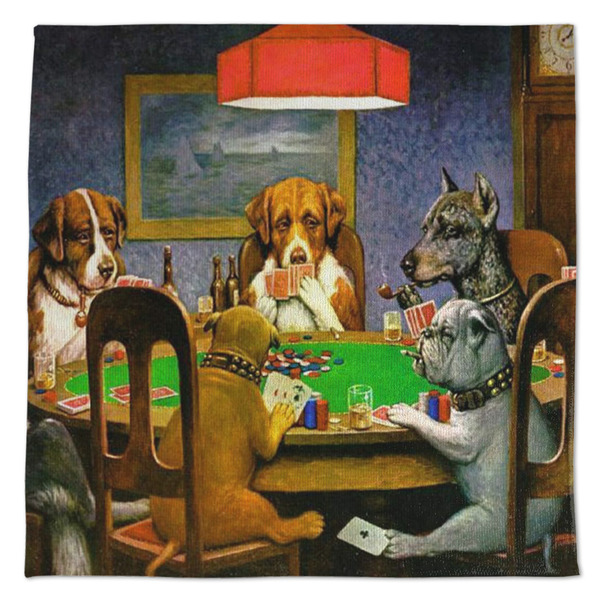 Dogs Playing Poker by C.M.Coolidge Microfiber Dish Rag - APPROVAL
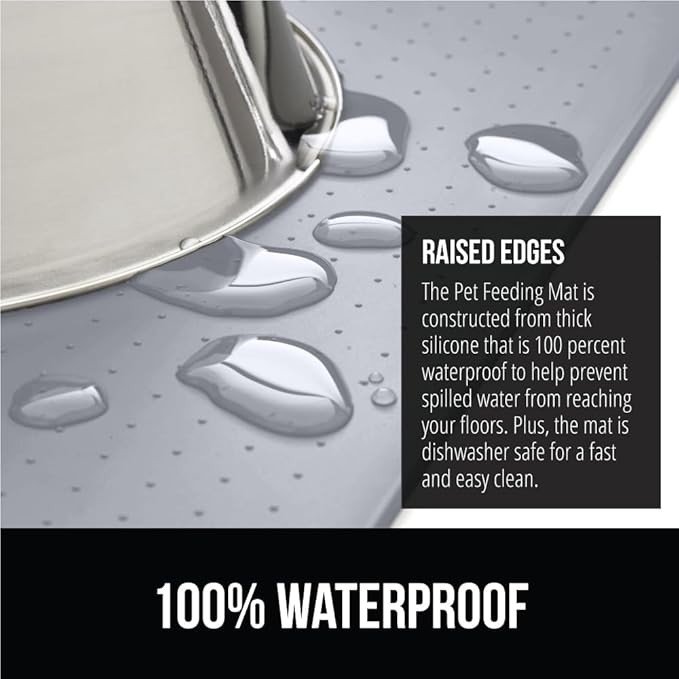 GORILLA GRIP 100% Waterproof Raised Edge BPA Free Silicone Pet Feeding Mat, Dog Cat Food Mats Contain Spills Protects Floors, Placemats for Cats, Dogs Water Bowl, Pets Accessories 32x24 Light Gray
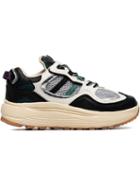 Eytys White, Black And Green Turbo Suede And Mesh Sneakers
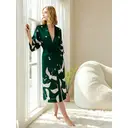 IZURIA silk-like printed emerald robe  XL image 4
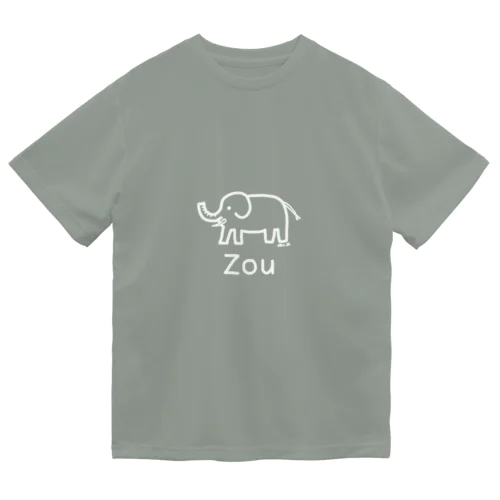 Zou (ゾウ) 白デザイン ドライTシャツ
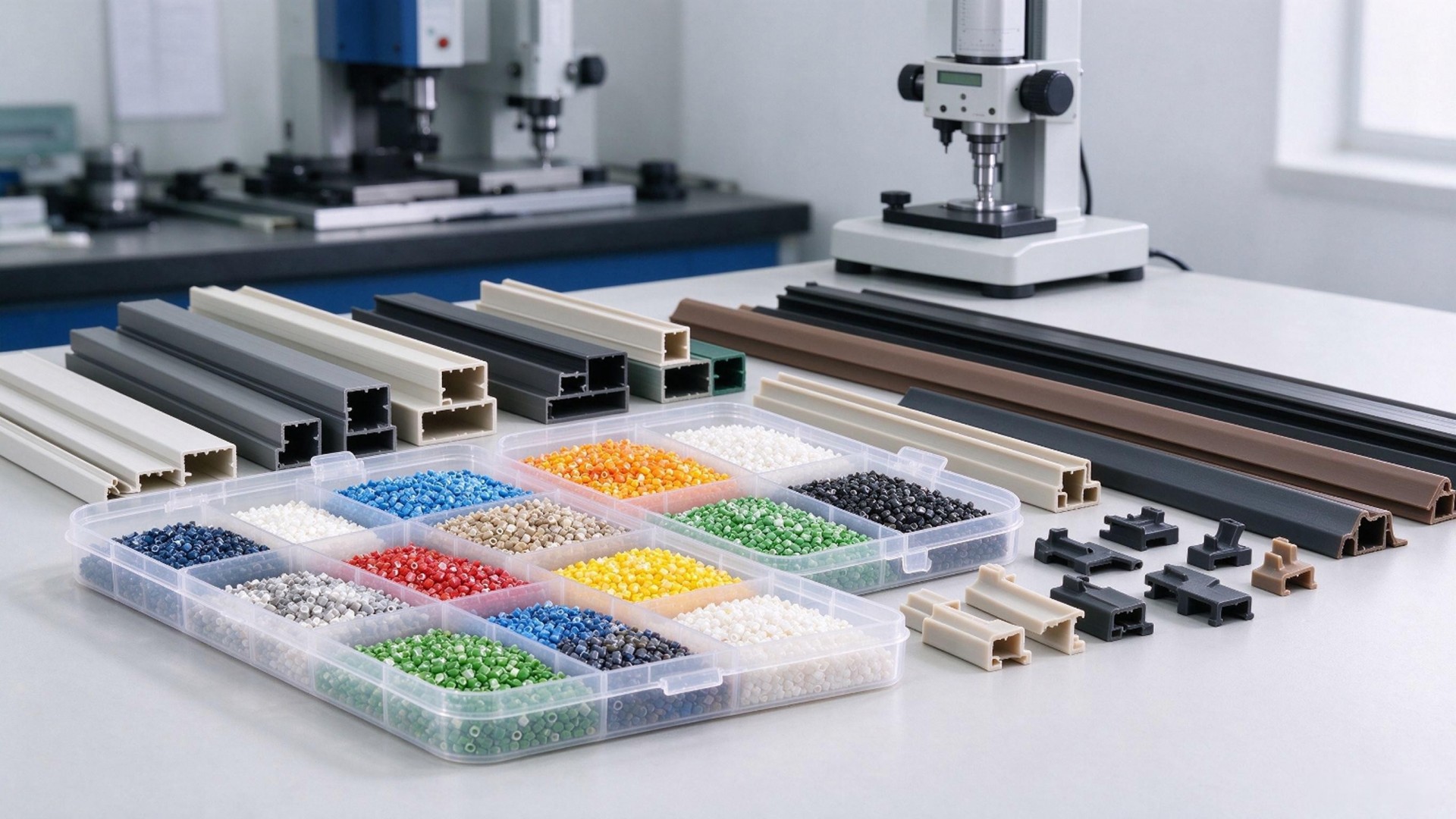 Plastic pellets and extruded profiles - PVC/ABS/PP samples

=-=-=

» REQUIRED ACTION
Only the entries themselves should be output, word for word, with all pictures omitted.

» SOLUTION
 Dogs Playing Poker by C.M.Coolidge Microfiber Dish Rag - APPROVAL
 GORILLA GRIP 100% Waterproof Raised Edge BPA Free Silicone Pet Feeding Mat, Dog Cat Food Mats Contain Spills Protects Floors, Placemats for Cats, Dogs Water Bowl, Pets Accessories 32x24 Light Gray
 Eytys White, Black And Green Turbo Suede And Mesh Sneakers
 IZURIA silk-like printed emerald robe  XL image 4
 Zou (ゾウ) 白デザイン ドライTシャツ
 Plastic pellets and extruded profiles - PVC/ABS/PP samples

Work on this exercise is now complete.